Exactly the lines below from the line with "Sai Dhanshika" through the line with "沙特冲击2026世界杯:亚洲劲旅能否再掀黑马风暴 沙特冲" must make up the answer, both ends included and pictures left out.

:: Data to use ::
· · ·
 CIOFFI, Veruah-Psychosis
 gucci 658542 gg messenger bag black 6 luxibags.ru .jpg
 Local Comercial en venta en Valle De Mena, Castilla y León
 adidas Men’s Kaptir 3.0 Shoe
· · ·
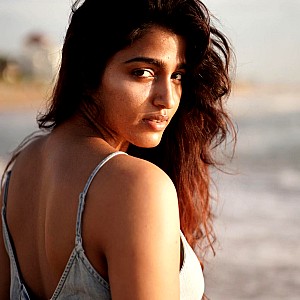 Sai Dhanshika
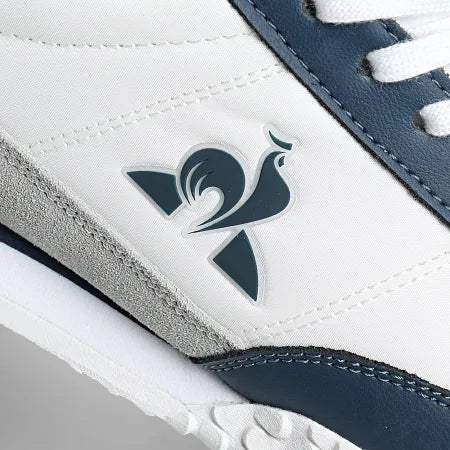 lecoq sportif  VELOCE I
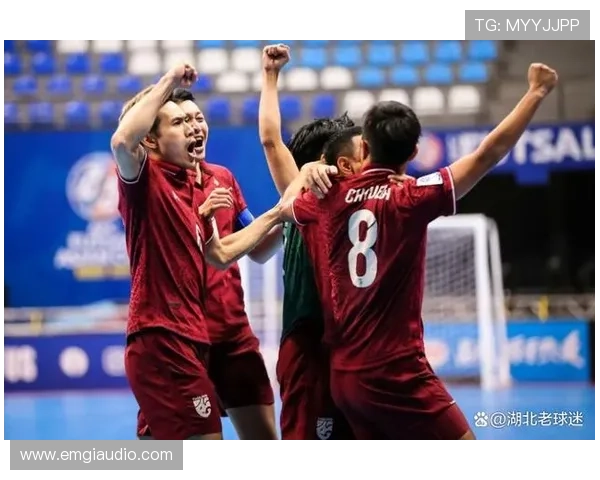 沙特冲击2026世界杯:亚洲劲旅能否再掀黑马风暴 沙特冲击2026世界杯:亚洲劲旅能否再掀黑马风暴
· · ·
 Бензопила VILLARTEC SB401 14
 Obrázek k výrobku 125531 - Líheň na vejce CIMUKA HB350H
· · ·
:: Exercise response ::
 Sai Dhanshika
 lecoq sportif  VELOCE I
 沙特冲击2026世界杯:亚洲劲旅能否再掀黑马风暴 沙特冲击2026世界杯:亚洲劲旅能否再掀黑马风暴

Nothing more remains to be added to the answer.